▸ MATERIAL FOR THIS EXERCISE:
+ + + + +

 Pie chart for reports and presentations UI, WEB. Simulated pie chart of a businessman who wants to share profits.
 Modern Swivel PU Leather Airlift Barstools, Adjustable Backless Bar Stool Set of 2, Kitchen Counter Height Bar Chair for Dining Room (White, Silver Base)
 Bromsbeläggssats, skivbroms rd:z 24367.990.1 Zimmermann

+ + + + +

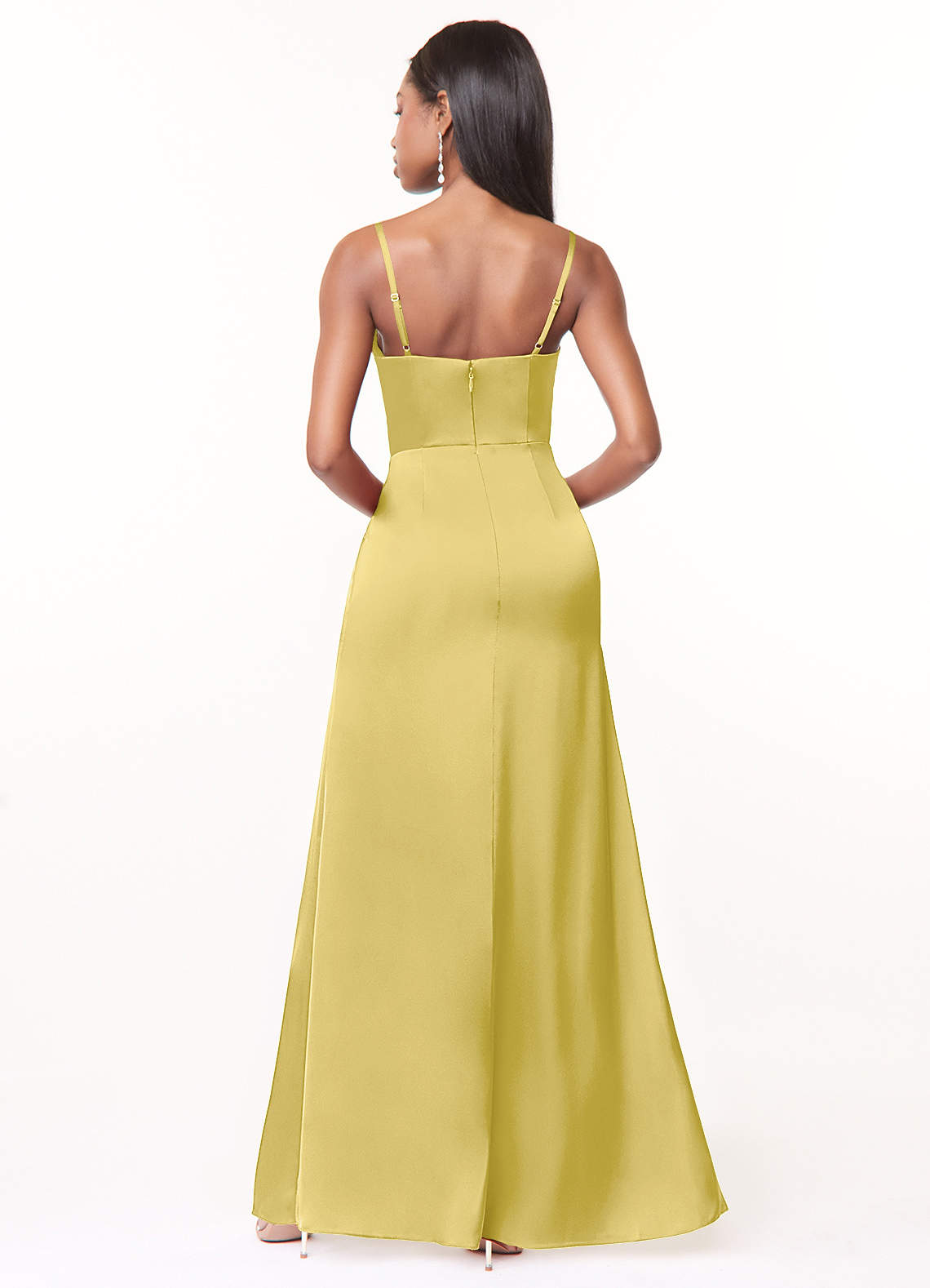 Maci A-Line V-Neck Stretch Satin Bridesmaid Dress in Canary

+ + + + +

▸ WORK ORDER: Starting with the line above that holds "Modern Swivel PU" and stopping with the line that holds "Bromsbeläggssats, skivbroms rd:z", reproduce each line exactly, omitting all other lines.

▸ REPLY:
 Modern Swivel PU Leather Airlift Barstools, Adjustable Backless Bar Stool Set of 2, Kitchen Counter Height Bar Chair for Dining Room (White, Silver Base)
 Bromsbeläggssats, skivbroms rd:z 24367.990.1 Zimmermann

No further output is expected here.